**Input data**
|---|

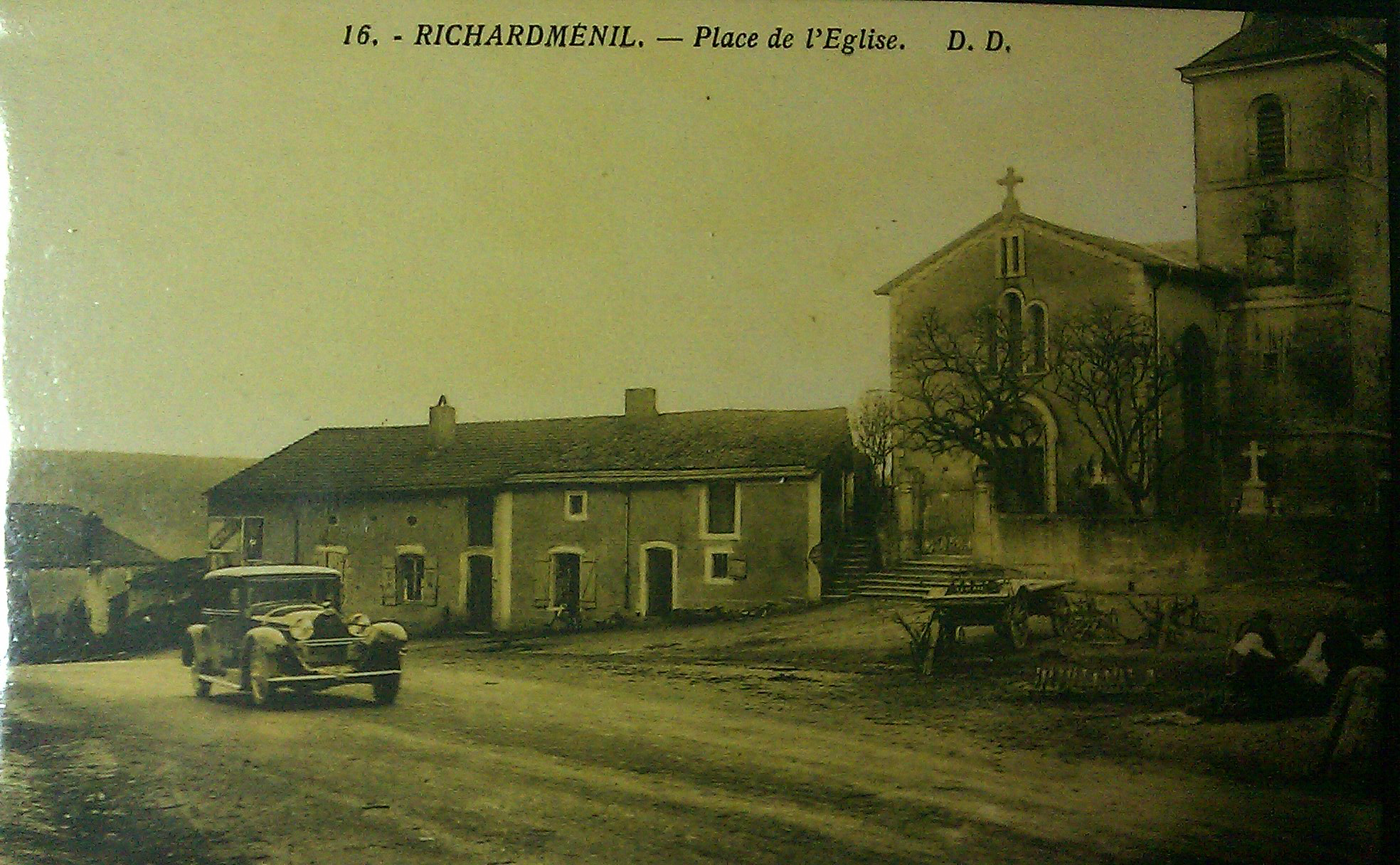Place de l'Église ■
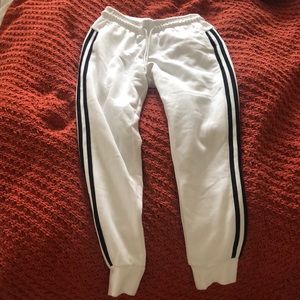 Adidas joggers / sweatpants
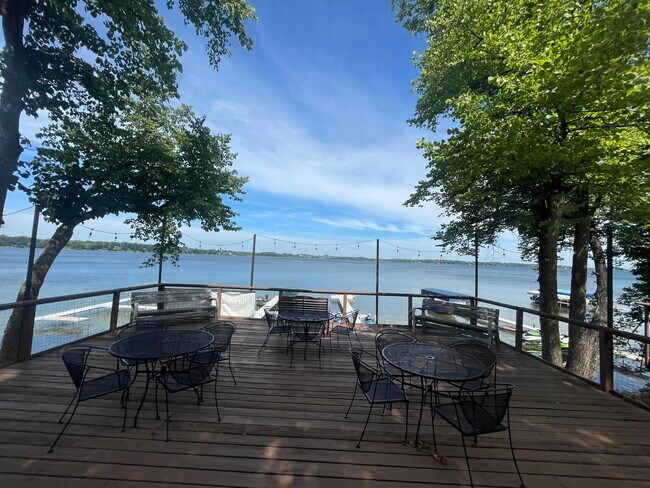 Building Photo - 1321 S Darling Dr NW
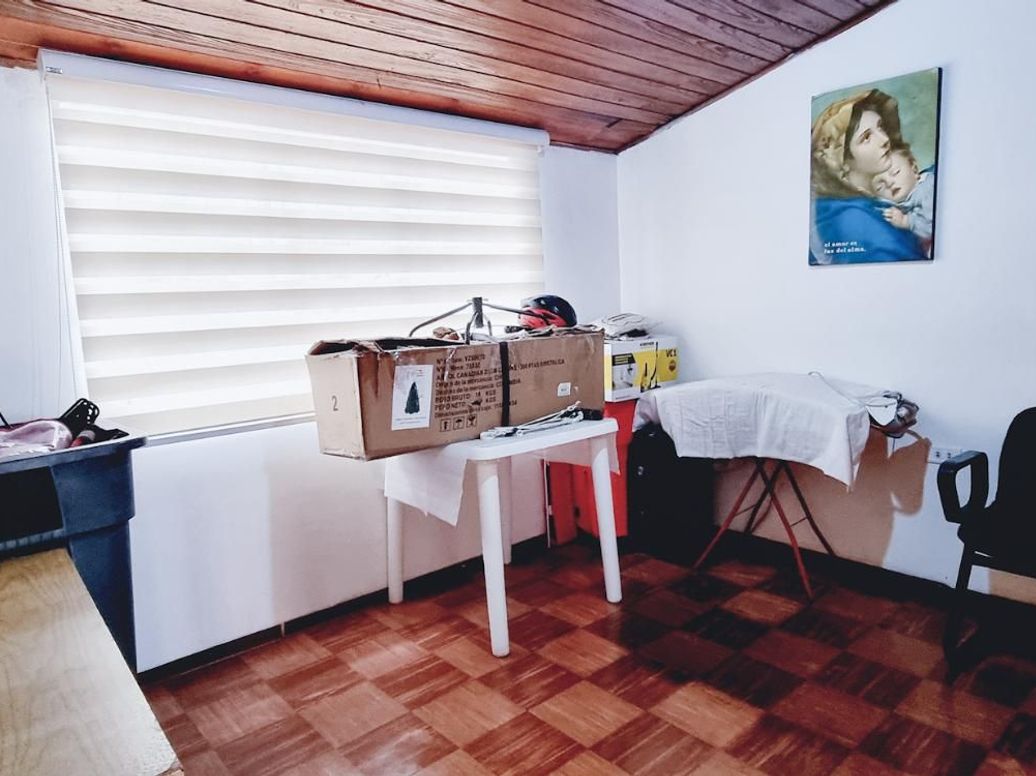 Casa de 6 alcobas en venta en Bellavista Occidental, Bogotá, 200 m² · foto 12 de 18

|---|

**Exercise aim**
Exactly as written, restate the listing above with its pictures omitted.

**Task solution**
Place de l'Église ■
 Adidas joggers / sweatpants
 Building Photo - 1321 S Darling Dr NW
 Casa de 6 alcobas en venta en Bellavista Occidental, Bogotá, 200 m² · foto 12 de 18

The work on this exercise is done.